В наши дни нациям и государствам приходится играть в открытую, объясняя и комментируя свои намерения, дабы не дать неприятелю возможности выставить их перед всем миром в неприглядном свете, как некую «силу зла». Стараясь не показаться размазней, которая только и делает, что сетует и жалуется на неприятеля, они в то же время должны разоблачать лицемерные выходки врага и сами настаивать на моральной оценке войны – доказывая, что ведут войну исключительно из соображений нравственности. Уступая область морали противнику, вы лишаете себя свободы действий; теперь любой ваш ход, любая необходимая вам военная хитрость будет лишь укреплять искаженные представления о вас, которые постарался создать ваш неприятель, – так что вы еще задумаетесь, стоит ли применять эти хитрости.
Все сказанное выше в значительной мере относится ко всем формам конфликтов. Когда ваши враги пытаются выставить себя в выгодном свете, показав, что они благороднее и нравственнее вас и, следовательно, правда на их стороне, вы должны понимать, что все это означает в действительности: не рассуждения о морали, о добре и зле, правоте и неправоте, а умная, коварная стратегия, внешний маневр.
Есть много способов распознать подобные внешние маневры. Во – первых, моральная атака зачастую наносится с давно оставленного поля и не имеет ничего общего с сутью конфликта, как вы ее представляете. Противник припоминает, вытаскивает на свет нечто, что вы делали в абсолютно другой области, например какой – то компрометирующий факт, – это помогает переманить на свою сторону ваших сторонников или заставить вас мучиться, испытывая чувство вины. Во – вторых, атака часто носит эмоциональный характер: доводам рассудка противопоставляются чувства и личные выпады. Вы вынуждены объясняться, оправдываться, вместо того чтобы отстаивать дело, за которое сражаетесь, – полем боя становится не дело, а ваш характер, ваша личность. Мотивы ваших поступков подвергаются сомнениям, интерпретируются в самую невыгодную сторону.

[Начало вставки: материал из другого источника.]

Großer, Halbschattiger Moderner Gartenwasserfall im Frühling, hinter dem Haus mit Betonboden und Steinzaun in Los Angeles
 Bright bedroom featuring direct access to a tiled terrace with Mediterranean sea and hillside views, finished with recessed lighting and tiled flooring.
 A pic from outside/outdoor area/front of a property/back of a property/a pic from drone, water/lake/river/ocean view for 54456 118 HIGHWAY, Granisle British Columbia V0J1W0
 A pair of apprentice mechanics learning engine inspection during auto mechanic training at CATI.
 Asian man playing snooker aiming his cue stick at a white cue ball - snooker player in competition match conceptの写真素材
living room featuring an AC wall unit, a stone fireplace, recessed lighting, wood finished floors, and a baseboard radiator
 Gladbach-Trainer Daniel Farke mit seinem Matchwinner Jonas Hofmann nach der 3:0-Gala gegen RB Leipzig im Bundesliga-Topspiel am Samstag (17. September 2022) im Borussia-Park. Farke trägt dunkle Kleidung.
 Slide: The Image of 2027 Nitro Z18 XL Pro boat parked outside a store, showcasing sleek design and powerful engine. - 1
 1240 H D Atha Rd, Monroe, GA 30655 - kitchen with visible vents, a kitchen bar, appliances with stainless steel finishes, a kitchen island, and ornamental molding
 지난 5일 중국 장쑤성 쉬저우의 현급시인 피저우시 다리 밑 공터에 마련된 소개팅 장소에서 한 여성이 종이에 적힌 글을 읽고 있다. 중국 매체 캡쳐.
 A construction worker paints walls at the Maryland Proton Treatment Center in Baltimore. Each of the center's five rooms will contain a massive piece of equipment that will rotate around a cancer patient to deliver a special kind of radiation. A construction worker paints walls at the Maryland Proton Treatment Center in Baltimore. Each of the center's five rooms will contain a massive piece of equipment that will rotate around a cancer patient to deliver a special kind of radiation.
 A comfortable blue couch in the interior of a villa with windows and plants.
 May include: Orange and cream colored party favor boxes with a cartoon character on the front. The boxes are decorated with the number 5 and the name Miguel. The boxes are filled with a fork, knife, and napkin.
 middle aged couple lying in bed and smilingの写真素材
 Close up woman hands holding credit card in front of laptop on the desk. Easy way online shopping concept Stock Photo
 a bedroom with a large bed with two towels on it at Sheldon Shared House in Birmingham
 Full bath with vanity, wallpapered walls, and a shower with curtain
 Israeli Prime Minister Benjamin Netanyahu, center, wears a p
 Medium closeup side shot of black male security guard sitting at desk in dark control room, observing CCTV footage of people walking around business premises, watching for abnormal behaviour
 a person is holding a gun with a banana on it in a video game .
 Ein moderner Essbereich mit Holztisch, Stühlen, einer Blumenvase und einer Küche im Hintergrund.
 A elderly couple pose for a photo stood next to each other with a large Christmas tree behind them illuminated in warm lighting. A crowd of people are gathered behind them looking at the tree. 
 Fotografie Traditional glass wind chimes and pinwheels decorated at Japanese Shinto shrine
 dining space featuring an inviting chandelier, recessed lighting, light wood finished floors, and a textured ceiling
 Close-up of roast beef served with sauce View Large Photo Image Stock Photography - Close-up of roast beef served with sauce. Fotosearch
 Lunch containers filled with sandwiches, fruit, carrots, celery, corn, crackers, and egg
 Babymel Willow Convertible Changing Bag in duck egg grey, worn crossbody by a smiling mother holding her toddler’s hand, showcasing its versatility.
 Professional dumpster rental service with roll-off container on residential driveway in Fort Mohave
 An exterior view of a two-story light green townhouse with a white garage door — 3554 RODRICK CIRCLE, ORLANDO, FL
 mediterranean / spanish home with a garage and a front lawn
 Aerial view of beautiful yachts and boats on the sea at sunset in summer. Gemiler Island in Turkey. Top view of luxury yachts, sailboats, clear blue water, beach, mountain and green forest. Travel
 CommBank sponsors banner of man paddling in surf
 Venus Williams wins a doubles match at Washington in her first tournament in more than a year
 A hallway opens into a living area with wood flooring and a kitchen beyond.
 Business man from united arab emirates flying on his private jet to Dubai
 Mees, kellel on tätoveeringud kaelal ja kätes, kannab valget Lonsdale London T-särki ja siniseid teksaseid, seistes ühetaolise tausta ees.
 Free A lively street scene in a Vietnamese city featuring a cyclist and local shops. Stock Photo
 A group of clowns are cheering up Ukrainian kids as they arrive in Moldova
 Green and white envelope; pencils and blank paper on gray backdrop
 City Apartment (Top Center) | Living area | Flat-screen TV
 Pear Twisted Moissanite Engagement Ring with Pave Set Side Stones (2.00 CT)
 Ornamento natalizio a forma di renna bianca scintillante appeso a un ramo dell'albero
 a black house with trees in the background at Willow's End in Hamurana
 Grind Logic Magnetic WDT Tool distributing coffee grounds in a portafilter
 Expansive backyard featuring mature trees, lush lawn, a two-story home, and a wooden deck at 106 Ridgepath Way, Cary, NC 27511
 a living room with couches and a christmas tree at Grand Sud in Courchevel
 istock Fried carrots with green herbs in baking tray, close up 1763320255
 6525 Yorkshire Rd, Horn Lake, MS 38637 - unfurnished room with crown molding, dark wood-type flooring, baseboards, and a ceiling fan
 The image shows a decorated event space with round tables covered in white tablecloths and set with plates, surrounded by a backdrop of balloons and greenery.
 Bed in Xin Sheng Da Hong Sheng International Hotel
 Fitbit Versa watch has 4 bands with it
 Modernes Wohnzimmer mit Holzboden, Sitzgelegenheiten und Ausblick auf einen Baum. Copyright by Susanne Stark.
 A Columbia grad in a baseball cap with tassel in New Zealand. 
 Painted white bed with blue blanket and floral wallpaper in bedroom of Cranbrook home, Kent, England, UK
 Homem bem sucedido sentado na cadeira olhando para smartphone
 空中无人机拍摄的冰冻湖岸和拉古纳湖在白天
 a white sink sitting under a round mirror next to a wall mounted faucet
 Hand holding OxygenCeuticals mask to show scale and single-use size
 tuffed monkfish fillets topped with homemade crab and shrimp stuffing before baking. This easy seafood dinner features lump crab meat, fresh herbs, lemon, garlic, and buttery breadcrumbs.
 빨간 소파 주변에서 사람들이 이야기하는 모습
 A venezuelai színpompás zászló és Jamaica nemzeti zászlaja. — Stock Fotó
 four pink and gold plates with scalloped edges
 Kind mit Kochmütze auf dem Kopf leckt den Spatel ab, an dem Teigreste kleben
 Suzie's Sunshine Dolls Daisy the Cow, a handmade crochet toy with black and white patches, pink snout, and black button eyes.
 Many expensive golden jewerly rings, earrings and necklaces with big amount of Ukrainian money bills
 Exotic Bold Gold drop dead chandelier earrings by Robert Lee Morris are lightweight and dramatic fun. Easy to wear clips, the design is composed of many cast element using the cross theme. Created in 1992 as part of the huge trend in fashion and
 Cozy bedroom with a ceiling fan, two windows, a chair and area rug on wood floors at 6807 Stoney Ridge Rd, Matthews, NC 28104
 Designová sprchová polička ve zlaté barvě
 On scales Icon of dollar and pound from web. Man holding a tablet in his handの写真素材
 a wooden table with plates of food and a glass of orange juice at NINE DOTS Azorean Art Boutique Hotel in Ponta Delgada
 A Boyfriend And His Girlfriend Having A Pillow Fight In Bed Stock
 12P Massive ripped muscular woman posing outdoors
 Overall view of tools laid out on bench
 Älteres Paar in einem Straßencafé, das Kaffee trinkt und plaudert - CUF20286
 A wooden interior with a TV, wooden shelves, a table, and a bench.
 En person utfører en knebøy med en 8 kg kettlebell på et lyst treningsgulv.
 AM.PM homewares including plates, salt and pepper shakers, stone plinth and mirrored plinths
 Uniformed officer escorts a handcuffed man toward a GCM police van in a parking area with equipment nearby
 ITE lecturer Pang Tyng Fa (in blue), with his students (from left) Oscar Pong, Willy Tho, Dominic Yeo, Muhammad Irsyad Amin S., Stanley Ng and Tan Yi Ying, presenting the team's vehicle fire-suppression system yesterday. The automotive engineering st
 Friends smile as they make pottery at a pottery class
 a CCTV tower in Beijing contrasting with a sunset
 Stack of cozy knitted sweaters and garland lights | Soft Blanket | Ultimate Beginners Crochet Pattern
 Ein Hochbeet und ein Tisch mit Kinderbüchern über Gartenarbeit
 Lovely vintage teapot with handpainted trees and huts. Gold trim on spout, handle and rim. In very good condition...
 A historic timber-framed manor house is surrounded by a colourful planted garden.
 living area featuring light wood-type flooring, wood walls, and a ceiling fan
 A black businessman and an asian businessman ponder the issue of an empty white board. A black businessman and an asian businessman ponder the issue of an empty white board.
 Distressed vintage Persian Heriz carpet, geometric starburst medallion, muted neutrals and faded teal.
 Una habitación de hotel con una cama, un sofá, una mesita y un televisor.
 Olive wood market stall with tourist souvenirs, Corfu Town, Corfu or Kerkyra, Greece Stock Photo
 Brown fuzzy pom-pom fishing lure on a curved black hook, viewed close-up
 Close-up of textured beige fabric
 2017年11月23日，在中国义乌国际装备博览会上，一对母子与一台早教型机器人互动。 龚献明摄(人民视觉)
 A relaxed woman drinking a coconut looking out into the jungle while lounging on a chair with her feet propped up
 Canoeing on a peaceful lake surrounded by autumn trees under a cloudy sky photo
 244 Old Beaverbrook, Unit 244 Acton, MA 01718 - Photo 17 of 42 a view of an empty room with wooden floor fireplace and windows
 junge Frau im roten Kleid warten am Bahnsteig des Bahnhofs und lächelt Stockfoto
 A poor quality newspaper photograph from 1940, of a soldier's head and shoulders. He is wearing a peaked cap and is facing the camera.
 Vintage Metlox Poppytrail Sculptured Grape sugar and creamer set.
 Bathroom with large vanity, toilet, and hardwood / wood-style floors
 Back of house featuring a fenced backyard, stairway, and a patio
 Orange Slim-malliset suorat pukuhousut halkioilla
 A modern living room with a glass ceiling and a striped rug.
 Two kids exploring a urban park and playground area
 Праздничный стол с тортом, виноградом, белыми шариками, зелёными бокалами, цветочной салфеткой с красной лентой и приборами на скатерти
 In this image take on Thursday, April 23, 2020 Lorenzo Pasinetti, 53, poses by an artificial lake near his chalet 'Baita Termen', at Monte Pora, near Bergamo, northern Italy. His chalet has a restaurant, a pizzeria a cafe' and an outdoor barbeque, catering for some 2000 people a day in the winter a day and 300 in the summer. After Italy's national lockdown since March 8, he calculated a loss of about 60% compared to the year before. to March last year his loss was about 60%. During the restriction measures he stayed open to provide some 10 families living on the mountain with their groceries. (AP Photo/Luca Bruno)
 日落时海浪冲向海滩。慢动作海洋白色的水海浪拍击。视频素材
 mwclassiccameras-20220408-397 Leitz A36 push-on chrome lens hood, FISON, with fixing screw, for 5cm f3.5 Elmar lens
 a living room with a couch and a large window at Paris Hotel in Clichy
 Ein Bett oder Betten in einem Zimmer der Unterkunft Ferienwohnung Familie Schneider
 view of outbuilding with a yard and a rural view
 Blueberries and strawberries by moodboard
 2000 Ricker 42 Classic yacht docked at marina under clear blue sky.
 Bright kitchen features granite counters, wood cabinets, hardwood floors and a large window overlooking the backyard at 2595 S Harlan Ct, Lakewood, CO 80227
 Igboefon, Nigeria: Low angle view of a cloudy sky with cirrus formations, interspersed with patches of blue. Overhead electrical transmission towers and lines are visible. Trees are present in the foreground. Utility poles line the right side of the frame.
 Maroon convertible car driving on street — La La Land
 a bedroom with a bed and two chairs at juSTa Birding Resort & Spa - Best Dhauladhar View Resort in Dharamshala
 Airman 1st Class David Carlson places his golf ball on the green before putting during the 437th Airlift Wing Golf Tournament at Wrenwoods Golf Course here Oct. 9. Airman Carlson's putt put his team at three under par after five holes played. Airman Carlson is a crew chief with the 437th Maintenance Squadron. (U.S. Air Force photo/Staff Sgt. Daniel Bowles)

Человечество как таковое не может вести никакой войны, ибо у него нет никакого врага, по меньшей мере на этой планете. Понятие «человечество» исключает понятие «враг», ибо и враг не перестает быть человечеством, и тут нет никакого специфического различения. То, что войны ведутся во имя человечества, не есть опровержение этой простой истины, но имеет лишь особенно ярко выраженный политический смысл. Если государство во имя человечества борется со своим политическим врагом, то это не война человечества, но война, для которой определенное государство пытается в противоположность своему военному противнику оккупировать универсальное понятие, чтобы идентифицировать себя с ним (за счет противника), подобно тому как можно злоупотребить понятиями «мир», «справедливость», «прогресс», «цивилизация», чтобы истребовать их для себя и отказать в них врагу. «Человечество» – особенно пригодный идеологический инструмент империалистических экспансий, и в своей этически – гуманитарной форме это специфическое средство экономического империализма. Можно перефразировать известное высказывание Прудона: если кто – то апеллирует к человечеству, значит, собирается смошенничать. Использование и монополизация такого термина, как «человечество», может иметь определенные непрогнозируемые последствия, например, умаление врага, отказ ему в праве называться человеком и объявление его изгоем, не принадлежащим к человечеству. Война в таком случае может быть доведена до самых крайних степеней бесчеловечности.